----- EXTRACTED MATERIAL
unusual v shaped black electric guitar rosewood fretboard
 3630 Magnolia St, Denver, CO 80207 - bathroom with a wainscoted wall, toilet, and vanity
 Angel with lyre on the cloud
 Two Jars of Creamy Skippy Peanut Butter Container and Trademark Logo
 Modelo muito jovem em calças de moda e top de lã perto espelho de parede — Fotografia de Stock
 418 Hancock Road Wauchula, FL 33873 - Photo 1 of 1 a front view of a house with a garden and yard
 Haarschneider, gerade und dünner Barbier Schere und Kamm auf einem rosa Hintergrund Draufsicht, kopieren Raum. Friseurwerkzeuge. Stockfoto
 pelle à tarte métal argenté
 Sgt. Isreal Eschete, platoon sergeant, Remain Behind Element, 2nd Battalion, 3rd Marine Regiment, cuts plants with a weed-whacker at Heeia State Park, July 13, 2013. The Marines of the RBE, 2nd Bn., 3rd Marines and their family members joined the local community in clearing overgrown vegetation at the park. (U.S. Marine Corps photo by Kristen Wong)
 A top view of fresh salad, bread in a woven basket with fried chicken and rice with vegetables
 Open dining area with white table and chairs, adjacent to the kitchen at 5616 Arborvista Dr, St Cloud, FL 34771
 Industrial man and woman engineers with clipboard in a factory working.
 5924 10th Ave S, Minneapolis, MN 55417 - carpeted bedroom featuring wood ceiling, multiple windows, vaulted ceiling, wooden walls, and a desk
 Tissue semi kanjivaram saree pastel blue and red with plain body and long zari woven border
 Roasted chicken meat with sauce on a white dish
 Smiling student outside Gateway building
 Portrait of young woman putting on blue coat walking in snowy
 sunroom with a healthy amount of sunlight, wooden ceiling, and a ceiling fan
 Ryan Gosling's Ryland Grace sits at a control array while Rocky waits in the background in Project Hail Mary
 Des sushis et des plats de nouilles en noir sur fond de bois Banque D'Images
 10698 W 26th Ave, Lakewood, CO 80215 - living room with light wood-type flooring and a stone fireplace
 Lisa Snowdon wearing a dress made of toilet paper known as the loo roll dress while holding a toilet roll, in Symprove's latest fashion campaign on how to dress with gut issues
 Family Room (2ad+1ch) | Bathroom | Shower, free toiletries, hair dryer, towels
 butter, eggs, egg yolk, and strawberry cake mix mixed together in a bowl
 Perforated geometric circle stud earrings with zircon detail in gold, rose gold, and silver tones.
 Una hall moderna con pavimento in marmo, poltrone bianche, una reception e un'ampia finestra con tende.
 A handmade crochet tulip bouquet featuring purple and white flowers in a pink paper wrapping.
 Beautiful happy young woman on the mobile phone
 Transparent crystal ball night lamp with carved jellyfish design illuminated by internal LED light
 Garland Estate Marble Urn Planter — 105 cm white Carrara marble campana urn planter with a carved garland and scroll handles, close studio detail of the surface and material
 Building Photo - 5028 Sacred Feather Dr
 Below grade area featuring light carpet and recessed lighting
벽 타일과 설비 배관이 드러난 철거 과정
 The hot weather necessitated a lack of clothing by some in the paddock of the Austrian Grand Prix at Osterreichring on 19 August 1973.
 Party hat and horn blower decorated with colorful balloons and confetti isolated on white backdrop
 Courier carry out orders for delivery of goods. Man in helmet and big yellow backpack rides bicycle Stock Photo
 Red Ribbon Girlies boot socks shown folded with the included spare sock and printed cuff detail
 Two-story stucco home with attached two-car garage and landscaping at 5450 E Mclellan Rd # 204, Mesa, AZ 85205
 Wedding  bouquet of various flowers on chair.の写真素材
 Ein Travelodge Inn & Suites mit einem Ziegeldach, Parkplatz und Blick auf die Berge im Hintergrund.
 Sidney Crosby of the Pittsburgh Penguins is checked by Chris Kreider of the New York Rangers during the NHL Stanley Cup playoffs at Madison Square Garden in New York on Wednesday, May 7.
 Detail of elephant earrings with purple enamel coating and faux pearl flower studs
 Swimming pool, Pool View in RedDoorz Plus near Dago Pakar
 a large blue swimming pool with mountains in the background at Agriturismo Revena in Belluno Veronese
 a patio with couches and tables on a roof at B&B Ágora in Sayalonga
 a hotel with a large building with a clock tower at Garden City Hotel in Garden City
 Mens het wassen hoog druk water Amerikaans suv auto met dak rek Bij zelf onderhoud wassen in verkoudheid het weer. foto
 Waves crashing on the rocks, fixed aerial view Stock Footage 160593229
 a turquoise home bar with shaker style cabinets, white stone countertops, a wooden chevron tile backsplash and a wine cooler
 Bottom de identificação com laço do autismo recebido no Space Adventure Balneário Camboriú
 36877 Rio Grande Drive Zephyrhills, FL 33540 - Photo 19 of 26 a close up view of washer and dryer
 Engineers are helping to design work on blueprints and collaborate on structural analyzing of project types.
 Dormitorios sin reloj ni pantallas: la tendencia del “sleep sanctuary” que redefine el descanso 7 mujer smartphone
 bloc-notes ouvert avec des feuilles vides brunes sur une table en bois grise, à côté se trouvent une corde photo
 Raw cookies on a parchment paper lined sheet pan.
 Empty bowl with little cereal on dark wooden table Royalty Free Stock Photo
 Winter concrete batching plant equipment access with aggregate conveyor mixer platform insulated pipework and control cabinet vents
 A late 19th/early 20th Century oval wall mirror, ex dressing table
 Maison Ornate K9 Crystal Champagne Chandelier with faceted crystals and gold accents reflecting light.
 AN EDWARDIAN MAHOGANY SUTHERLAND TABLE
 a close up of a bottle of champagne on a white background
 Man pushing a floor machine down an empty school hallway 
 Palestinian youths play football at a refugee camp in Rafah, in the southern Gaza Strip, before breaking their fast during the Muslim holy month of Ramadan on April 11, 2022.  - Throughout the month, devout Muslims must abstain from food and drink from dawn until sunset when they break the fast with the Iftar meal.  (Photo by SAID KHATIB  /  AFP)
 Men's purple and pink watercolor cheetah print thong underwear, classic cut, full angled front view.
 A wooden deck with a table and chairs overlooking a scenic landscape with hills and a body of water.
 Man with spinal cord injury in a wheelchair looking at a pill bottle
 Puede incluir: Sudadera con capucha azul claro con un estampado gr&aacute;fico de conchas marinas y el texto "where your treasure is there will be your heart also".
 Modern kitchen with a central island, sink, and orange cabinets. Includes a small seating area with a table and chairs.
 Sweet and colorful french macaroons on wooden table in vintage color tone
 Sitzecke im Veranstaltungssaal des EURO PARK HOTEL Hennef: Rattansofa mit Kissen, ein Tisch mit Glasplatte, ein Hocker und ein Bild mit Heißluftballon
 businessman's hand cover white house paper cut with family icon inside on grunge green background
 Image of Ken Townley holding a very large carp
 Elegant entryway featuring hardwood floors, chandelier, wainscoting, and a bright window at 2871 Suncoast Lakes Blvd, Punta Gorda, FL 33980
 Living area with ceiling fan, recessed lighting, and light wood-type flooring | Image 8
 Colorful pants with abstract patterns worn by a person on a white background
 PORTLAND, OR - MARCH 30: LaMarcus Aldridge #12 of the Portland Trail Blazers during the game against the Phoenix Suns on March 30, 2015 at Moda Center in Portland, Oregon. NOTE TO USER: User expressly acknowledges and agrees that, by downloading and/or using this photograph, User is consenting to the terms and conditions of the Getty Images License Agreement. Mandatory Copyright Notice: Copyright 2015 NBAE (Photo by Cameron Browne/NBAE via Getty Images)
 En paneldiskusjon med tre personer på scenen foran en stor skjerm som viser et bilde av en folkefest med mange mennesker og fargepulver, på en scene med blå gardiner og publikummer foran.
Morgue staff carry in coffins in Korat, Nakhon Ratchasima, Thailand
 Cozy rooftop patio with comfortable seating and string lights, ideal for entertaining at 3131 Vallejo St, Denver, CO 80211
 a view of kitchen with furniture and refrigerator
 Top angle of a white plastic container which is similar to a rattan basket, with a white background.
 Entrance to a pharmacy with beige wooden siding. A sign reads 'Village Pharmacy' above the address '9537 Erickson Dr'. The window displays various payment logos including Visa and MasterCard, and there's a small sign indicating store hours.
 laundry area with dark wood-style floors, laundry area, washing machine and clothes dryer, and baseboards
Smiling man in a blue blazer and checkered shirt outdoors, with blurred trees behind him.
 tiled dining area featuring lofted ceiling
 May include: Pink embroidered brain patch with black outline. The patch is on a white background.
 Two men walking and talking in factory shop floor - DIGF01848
----------
■ **WHAT THE TASK ASKS**:
Within the material above, extract exactly the lines that start at the line containing "Man pushing a" and stop after the line containing "Puede incluir: Sudadera", and only those.

■ **EXERCISE RESPONSE**:
 Man pushing a floor machine down an empty school hallway 
 Palestinian youths play football at a refugee camp in Rafah, in the southern Gaza Strip, before breaking their fast during the Muslim holy month of Ramadan on April 11, 2022.  - Throughout the month, devout Muslims must abstain from food and drink from dawn until sunset when they break the fast with the Iftar meal.  (Photo by SAID KHATIB  /  AFP)
 Men's purple and pink watercolor cheetah print thong underwear, classic cut, full angled front view.
 A wooden deck with a table and chairs overlooking a scenic landscape with hills and a body of water.
 Man with spinal cord injury in a wheelchair looking at a pill bottle
 Puede incluir: Sudadera con capucha azul claro con un estampado gr&aacute;fico de conchas marinas y el texto "where your treasure is there will be your heart also".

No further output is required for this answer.